DATA UNDER STUDY
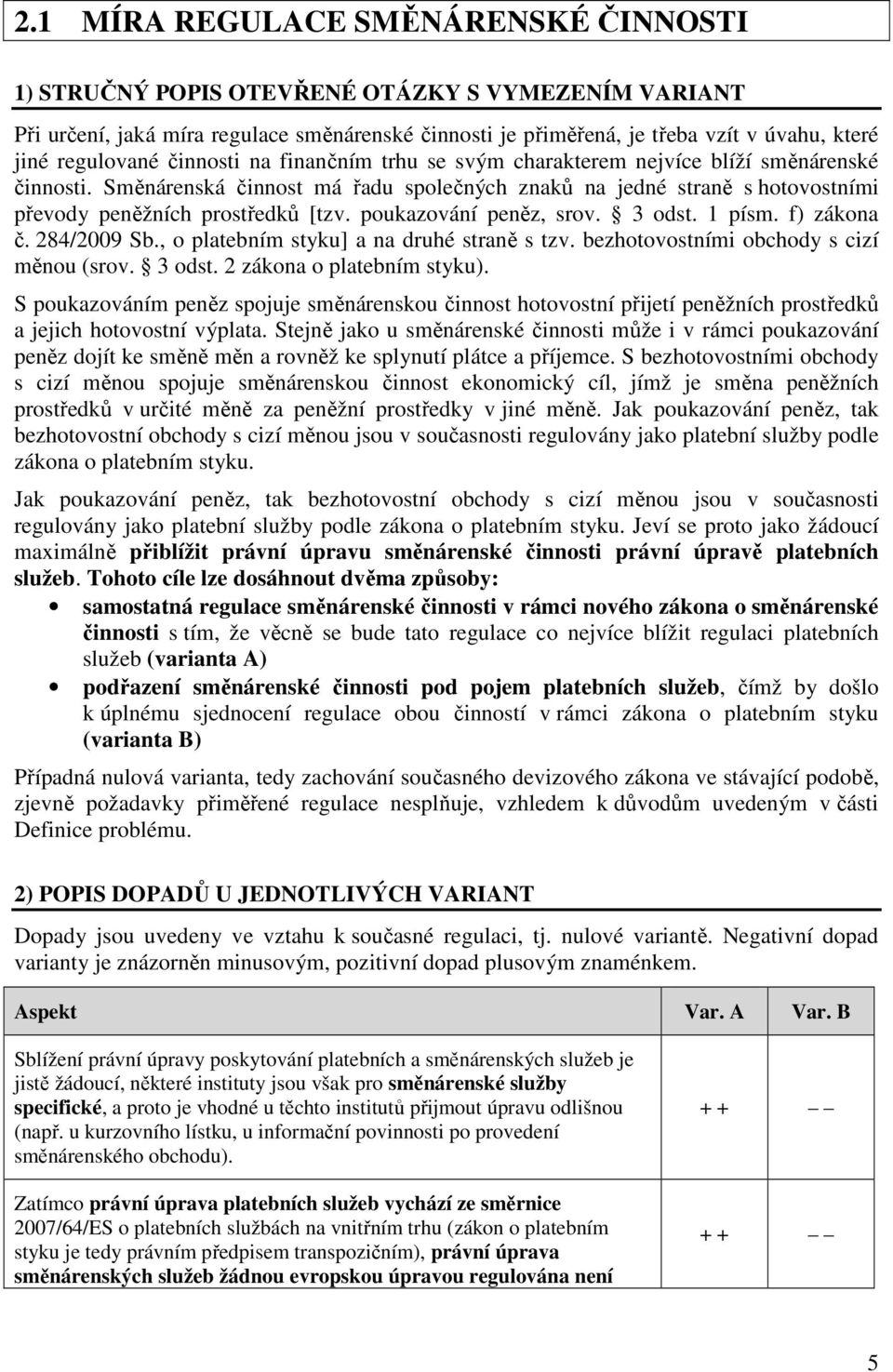 Směnárenská činnost má řadu společných znaků na jedné straně s hotovostními převody peněžních prostředků [tzv. poukazování peněz, srov. 3 odst. 1 písm. f) zákona č. 284/2009 Sb.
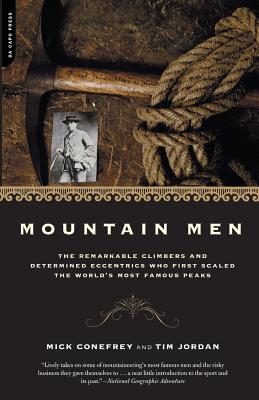 Mountain Men: A History of the Remarkable Climbers and Determined Eccentrics Who First Scaled the World's Most Famous Peaks Subscription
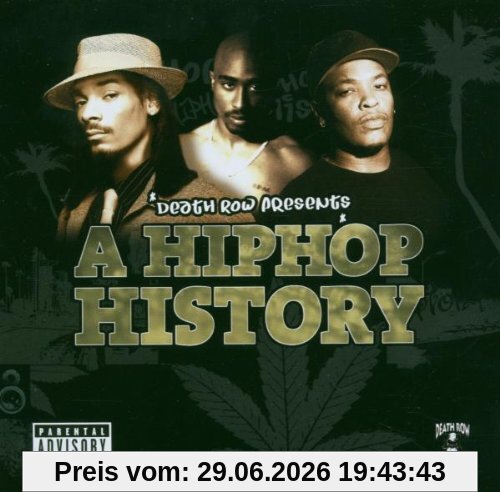 Various A Hip Hop History/Death Row Pres.
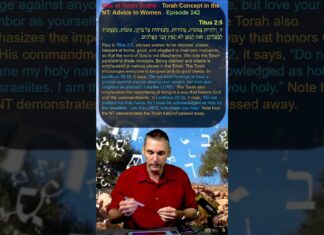 Bits of Torah Truths – Torah Concept in the NT: Advice to Women – Episode 242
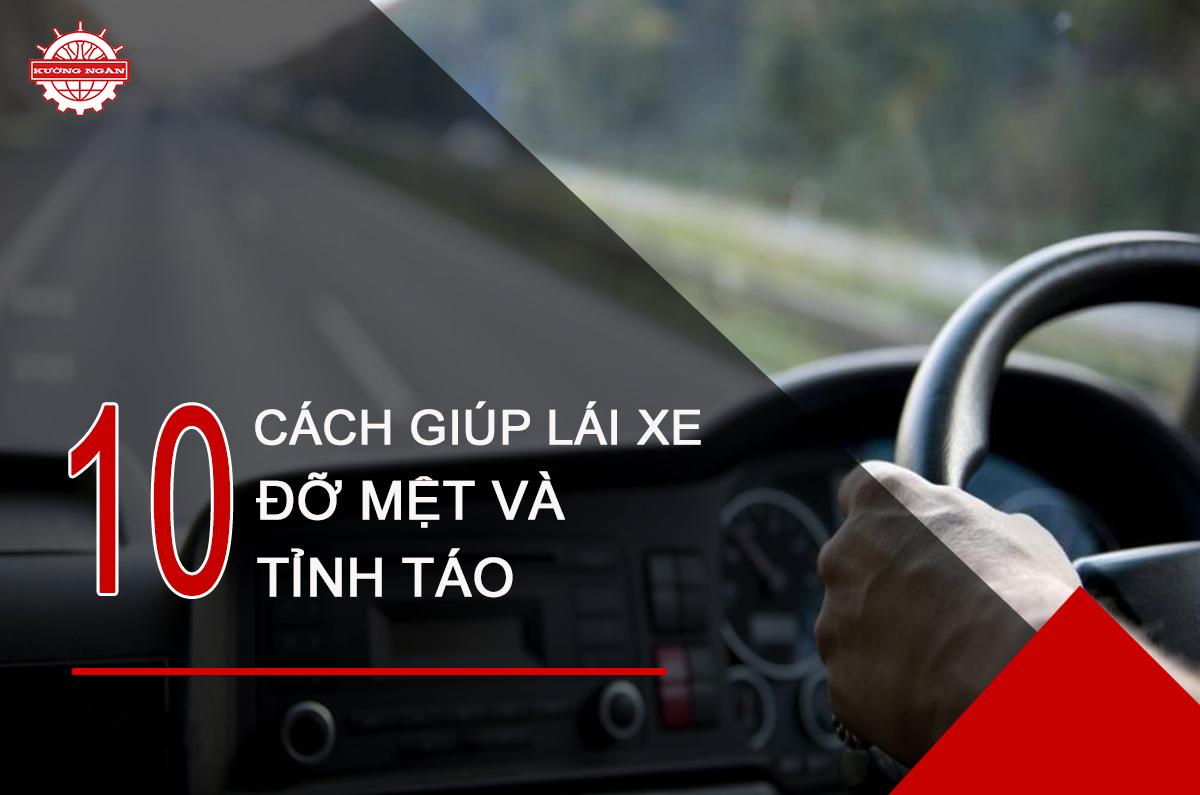 10 cách giúp bạn tỉnh táo và đỡ mệt mỏi khi lái xe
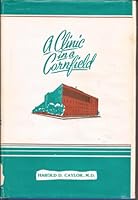 A Clinic in a Cornfield B00ISEGC4I Book Cover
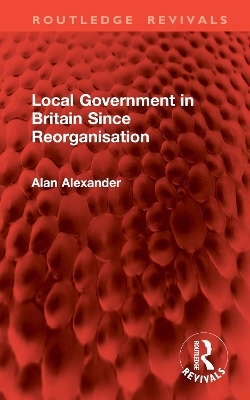 Local Government in Britain Since Reorganisation - Alan Alexander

AIM OF THE TASK
Leave out every picture and copy verbatim the lines running from the line containing "Various A Hip Hop History/Death Row Pres." through the final line of the data.

REPLY TO THE EXERCISE
 Various A Hip Hop History/Death Row Pres.
 Bits of Torah Truths – Torah Concept in the NT: Advice to Women – Episode 242
 10 cách giúp bạn tỉnh táo và đỡ mệt mỏi khi lái xe
 A Clinic in a Cornfield B00ISEGC4I Book Cover
 Local Government in Britain Since Reorganisation - Alan Alexander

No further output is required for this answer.